Background: In the FY 2016 Budget, the Department of Energy (DOE) requests $10.7 billion including $2.72 billion for Energy Efficiency and Renewable Energy (EERE), and $645 million for renewable energy generation technologies. In addition, National Science Foundation (NSF) recently set a goal of pertaining crops the ability to fix nitrogen instead of using expensive, chemically synthesized, and artificial fertilizers. To this end, NSF started a novel research program in order to revolutionize current farming methods and awarded $12 million to four different groups from the US and the UK. Photosynthetic organisms such as cyanobacteria and plants derive energy from light and carbon from atmospheric carbon dioxide, and, thus, lie in the core of achieving these goals. However, the feasibility of utilizing these organisms hinges on the development of efficient platforms and genetic toolkits by systems and synthetic biology approaches.

Motivation: The scope and breadth of genome-scale metabolic reconstructions have continued to expand over the last decade. However, only a limited number of efforts exist on photosynthetic metabolism reconstruction. In addition, less well studied are the similarities and differences in their metabolism and diurnal behavior. The unique demands of living on light as a primary nutrient make the use of many established gene expression control systems difficult or impossible to apply in cyanobacteria.
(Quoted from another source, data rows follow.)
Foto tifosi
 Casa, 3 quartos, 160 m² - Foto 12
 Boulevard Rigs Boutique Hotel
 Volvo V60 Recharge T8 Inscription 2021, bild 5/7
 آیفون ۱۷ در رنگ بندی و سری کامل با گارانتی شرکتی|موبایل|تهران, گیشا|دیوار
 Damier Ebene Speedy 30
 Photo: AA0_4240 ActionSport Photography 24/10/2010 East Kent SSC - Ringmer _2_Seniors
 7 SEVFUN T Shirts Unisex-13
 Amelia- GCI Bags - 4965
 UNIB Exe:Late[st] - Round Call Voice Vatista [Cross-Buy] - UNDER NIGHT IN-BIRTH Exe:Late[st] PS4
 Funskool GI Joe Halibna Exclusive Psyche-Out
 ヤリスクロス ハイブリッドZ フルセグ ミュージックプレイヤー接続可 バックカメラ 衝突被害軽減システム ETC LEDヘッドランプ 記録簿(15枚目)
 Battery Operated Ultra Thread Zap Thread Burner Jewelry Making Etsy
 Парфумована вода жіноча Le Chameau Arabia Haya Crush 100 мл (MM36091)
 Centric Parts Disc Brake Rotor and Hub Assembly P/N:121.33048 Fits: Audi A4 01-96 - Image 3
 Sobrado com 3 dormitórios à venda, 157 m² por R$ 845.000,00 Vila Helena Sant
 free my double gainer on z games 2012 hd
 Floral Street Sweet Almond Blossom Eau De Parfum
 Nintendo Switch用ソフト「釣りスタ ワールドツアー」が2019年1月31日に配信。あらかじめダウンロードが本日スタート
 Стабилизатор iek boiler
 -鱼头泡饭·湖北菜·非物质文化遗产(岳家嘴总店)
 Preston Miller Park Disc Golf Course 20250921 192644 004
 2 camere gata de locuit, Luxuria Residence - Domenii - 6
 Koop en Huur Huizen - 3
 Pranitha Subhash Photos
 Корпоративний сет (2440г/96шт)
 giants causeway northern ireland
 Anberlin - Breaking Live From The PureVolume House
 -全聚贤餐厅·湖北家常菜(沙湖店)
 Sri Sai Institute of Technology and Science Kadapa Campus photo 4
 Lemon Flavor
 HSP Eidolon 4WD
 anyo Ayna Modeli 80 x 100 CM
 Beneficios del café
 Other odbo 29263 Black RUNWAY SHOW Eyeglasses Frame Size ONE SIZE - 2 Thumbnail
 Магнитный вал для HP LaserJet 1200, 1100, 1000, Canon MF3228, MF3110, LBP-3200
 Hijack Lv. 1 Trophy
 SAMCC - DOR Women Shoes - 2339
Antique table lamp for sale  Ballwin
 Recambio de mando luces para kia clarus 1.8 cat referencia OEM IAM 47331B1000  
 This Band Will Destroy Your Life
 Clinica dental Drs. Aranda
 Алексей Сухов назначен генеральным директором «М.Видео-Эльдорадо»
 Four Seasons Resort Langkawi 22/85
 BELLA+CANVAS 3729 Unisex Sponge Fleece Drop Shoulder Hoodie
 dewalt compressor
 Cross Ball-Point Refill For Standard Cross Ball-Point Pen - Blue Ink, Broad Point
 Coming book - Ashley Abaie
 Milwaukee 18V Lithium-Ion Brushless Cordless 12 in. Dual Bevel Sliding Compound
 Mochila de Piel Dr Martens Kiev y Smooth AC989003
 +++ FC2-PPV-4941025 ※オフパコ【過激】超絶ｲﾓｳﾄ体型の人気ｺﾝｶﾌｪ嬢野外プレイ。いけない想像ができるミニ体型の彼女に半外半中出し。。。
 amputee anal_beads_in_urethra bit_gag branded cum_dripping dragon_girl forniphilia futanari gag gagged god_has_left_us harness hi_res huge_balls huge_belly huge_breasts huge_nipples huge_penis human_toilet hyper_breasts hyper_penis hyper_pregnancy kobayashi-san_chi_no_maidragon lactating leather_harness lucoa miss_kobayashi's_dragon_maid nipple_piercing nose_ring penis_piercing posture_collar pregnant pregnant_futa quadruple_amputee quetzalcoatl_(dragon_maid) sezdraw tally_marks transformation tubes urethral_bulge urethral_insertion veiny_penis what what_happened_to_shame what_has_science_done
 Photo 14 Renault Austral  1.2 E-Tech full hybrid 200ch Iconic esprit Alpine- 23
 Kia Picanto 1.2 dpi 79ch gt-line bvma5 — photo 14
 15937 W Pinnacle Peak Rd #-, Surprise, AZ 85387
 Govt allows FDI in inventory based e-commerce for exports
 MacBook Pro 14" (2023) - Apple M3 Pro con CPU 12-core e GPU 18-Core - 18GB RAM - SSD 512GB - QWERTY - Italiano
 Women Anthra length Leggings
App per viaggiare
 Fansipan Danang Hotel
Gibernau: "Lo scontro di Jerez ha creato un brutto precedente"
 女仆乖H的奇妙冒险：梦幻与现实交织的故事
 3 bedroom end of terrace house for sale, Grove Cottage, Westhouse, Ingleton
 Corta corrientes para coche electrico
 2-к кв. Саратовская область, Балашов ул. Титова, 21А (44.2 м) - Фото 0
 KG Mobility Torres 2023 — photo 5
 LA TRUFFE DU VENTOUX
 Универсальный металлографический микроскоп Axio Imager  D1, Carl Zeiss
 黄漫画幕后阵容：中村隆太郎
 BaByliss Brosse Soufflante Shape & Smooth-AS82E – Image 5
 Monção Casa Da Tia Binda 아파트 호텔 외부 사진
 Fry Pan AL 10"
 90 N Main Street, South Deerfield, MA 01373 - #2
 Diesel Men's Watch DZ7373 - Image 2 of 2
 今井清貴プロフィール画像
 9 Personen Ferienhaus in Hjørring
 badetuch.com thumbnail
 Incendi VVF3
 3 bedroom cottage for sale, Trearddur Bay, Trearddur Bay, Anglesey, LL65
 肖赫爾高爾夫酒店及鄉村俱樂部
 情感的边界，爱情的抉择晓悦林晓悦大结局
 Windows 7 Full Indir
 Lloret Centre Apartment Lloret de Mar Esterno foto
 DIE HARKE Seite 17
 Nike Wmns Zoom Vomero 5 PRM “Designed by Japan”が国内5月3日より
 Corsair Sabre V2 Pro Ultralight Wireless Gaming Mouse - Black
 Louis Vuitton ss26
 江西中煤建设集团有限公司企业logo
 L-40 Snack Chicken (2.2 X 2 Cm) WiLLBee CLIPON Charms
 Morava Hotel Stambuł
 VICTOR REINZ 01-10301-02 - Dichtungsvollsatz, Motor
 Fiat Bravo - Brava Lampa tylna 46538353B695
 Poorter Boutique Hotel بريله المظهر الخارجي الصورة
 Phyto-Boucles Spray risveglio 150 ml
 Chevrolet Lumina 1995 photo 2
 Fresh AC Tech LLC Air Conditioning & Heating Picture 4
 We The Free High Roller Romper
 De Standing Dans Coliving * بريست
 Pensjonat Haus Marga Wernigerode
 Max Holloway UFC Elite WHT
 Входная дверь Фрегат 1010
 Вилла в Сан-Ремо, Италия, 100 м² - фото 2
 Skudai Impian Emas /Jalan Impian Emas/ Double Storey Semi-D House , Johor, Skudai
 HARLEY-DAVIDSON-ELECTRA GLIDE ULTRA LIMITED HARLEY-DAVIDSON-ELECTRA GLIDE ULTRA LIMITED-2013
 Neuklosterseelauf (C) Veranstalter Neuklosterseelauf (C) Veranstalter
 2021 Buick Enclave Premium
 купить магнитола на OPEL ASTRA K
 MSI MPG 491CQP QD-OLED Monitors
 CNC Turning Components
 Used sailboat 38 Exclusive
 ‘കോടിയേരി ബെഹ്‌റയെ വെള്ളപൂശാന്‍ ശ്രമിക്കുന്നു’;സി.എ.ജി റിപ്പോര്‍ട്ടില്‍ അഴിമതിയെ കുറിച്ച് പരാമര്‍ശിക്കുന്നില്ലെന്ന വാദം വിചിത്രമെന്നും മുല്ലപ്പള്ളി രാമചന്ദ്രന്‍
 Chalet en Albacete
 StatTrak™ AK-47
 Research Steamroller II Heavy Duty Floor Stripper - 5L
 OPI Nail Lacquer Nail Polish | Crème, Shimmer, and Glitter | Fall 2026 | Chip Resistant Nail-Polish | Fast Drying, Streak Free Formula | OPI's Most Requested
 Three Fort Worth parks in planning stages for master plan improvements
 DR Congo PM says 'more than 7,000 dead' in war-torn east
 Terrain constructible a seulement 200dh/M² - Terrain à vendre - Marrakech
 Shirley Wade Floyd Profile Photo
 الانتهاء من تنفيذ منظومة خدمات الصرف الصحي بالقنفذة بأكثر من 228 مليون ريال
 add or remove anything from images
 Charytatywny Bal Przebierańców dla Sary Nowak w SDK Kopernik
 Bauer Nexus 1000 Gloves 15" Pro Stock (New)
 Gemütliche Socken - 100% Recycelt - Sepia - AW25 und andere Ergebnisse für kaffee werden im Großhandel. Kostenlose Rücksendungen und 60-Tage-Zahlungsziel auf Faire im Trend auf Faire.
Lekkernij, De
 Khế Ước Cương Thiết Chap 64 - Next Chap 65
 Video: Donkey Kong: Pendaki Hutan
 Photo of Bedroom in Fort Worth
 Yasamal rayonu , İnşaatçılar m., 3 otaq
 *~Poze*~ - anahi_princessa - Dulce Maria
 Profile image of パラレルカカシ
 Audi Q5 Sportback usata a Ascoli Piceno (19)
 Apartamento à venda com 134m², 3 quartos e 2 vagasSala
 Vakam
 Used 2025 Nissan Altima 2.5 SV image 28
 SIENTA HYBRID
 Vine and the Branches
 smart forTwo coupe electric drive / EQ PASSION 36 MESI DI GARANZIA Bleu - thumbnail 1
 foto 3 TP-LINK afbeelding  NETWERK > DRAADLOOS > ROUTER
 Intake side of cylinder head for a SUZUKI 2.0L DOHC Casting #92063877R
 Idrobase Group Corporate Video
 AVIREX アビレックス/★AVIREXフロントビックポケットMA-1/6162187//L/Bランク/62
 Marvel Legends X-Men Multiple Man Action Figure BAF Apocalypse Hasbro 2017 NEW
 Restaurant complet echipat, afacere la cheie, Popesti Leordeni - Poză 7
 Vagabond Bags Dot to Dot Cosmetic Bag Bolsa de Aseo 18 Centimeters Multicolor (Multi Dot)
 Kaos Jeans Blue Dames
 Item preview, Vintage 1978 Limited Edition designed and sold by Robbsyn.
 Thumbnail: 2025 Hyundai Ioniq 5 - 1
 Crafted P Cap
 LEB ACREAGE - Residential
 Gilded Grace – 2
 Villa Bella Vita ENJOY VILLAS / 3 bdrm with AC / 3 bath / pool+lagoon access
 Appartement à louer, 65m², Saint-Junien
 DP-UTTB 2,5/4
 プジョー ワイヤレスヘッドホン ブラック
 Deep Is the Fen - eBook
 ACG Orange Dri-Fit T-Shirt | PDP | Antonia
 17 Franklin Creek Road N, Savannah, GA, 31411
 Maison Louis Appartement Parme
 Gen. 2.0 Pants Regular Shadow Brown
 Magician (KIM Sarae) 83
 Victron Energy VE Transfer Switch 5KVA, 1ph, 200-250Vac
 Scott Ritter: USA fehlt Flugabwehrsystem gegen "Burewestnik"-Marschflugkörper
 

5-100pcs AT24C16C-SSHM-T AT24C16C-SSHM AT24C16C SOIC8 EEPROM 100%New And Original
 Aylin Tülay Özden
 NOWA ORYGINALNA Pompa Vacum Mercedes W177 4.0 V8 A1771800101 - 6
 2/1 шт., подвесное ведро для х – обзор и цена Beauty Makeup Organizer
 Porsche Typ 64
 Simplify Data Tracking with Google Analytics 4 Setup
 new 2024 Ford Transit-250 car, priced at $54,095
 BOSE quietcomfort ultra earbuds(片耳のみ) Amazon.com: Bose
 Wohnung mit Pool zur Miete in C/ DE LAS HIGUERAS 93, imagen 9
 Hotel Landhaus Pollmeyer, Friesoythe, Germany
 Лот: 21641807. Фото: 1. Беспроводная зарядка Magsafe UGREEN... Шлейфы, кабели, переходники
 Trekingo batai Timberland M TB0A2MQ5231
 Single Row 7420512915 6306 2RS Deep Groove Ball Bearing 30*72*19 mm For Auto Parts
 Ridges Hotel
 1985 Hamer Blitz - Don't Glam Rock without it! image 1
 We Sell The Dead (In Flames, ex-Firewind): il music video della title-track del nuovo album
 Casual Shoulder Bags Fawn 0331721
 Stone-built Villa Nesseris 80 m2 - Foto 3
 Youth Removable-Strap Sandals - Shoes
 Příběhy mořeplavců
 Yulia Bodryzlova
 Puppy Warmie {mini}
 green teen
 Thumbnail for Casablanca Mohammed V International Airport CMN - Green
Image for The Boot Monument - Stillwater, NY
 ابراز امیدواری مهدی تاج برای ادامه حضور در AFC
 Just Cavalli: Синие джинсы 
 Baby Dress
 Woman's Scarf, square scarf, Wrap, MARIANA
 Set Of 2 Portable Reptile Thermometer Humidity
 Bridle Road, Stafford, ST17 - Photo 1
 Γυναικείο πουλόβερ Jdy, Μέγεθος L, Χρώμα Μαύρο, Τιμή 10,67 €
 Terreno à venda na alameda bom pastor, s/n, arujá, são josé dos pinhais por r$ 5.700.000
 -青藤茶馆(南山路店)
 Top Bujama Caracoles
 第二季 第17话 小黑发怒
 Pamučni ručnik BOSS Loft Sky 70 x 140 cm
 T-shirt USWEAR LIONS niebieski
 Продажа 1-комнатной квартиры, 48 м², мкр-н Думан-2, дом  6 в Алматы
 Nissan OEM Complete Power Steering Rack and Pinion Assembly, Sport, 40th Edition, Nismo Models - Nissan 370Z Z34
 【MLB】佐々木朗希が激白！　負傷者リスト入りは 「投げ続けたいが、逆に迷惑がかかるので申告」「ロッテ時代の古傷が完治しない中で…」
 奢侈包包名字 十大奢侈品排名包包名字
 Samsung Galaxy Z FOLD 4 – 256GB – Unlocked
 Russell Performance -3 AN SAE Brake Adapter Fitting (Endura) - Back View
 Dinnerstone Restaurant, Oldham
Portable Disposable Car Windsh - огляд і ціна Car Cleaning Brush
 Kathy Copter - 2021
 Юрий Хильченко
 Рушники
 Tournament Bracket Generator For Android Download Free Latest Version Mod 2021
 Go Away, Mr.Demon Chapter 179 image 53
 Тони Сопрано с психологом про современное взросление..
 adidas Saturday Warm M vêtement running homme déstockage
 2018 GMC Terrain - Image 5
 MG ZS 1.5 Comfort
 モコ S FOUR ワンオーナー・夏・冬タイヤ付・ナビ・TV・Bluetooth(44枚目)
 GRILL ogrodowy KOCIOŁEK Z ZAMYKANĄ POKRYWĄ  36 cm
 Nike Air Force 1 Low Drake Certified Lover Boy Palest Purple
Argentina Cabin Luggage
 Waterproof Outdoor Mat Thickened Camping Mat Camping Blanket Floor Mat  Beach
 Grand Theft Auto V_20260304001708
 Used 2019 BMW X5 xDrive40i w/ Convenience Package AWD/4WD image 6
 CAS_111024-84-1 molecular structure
Hence, developing an effective genetic toolkit to regulate gene expressions would facilitate biotechnological applications in cyanobacteria.

My Research: My postdoctoral work at the Pakrasi Lab (Washington University in St. Louis) is aimed at developing an efficient system for regulating gene expression and also, applying bioinformatics approaches to explore cyanobacterial physiology. My doctoral work at the Maranas Lab (The Pennsylvania State University) involved reconstruction and analysis of genome-scale metabolic models of photosynthetic organisms. This poster will focus on three broad topics of my research that can widely be applied to develop platforms for producing biorenewables:

• Reconstruction of genome-scale metabolic models:  Developed high-quality genome-scale models for Cyanothece sp. ATCC 51142 (iCyt773), Synechocystis sp. PCC 6803 (iSyn731), and Zea mays (a global model iRS1543 and a leaf-specific model).
• Development of engineered riboswitch:  Combined a theophylline-responsive riboswitch with the T7 control system to demonstrate better regulation of gene expression than that of the existing systems.
• Application of bioinformatics approaches to analyze cyanobacterial physiology: Analyzed microarray data to shed light on the global coordination of cellular processes over light/dark cycle in Synechocystis sp. PCC 6803 and also studied RNAseq data to find regulatory RNAs in the nif cluster of Cyanothece sp. ATCC 51142.